Task instructions
Copy the lines exactly as they appear, starting with the first line of the records and ending with the line that contains "brother-lc970y-2.jpg".

[Saved data entries]
□ □ □ □ □ □ □

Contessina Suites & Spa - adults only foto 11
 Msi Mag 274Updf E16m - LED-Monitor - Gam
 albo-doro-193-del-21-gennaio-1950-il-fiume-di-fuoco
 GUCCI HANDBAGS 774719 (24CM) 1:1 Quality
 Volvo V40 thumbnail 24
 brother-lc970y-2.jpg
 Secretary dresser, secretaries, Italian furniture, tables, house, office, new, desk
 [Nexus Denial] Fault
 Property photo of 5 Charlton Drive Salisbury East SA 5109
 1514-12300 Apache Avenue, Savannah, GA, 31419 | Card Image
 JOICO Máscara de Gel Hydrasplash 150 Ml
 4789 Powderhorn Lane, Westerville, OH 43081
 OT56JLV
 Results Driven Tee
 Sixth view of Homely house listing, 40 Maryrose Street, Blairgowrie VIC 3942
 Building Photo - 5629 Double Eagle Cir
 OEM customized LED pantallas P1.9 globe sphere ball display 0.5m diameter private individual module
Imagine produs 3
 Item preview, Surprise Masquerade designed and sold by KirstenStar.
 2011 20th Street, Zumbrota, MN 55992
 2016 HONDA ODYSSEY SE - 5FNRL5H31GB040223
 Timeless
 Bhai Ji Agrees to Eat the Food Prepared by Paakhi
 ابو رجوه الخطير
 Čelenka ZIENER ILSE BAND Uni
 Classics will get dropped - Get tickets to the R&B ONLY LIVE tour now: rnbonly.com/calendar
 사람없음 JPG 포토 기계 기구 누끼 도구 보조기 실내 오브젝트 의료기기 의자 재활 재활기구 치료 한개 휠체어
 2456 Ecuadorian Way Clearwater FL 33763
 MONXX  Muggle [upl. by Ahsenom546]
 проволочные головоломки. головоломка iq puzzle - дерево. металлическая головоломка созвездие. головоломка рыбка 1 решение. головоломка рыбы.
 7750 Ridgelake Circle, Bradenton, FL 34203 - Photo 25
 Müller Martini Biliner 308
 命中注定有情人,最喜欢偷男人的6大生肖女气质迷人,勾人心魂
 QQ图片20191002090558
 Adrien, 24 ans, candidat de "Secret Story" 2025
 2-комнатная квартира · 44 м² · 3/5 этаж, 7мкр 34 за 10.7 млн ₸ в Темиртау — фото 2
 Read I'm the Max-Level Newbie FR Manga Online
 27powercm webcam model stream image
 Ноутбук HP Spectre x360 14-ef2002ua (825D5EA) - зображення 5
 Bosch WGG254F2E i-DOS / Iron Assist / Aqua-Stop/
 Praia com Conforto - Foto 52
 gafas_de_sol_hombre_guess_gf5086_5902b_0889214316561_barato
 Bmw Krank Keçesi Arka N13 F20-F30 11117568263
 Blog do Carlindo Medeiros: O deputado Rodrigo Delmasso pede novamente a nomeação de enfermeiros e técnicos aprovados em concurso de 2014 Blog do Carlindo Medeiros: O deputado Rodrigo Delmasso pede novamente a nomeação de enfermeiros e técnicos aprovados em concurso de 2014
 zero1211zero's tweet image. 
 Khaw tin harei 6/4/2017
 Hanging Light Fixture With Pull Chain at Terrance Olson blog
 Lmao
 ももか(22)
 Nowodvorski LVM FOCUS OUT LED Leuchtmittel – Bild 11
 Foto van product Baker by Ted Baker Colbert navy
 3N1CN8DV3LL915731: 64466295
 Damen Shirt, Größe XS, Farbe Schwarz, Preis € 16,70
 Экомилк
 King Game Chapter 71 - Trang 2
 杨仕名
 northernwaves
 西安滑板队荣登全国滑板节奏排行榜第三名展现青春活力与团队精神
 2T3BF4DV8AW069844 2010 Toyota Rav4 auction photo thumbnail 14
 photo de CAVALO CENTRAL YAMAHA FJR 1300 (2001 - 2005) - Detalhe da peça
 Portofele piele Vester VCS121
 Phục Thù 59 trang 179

□ □ □ □ □ □ □

Expected answer
Contessina Suites & Spa - adults only foto 11
 Msi Mag 274Updf E16m - LED-Monitor - Gam
 albo-doro-193-del-21-gennaio-1950-il-fiume-di-fuoco
 GUCCI HANDBAGS 774719 (24CM) 1:1 Quality
 Volvo V40 thumbnail 24
 brother-lc970y-2.jpg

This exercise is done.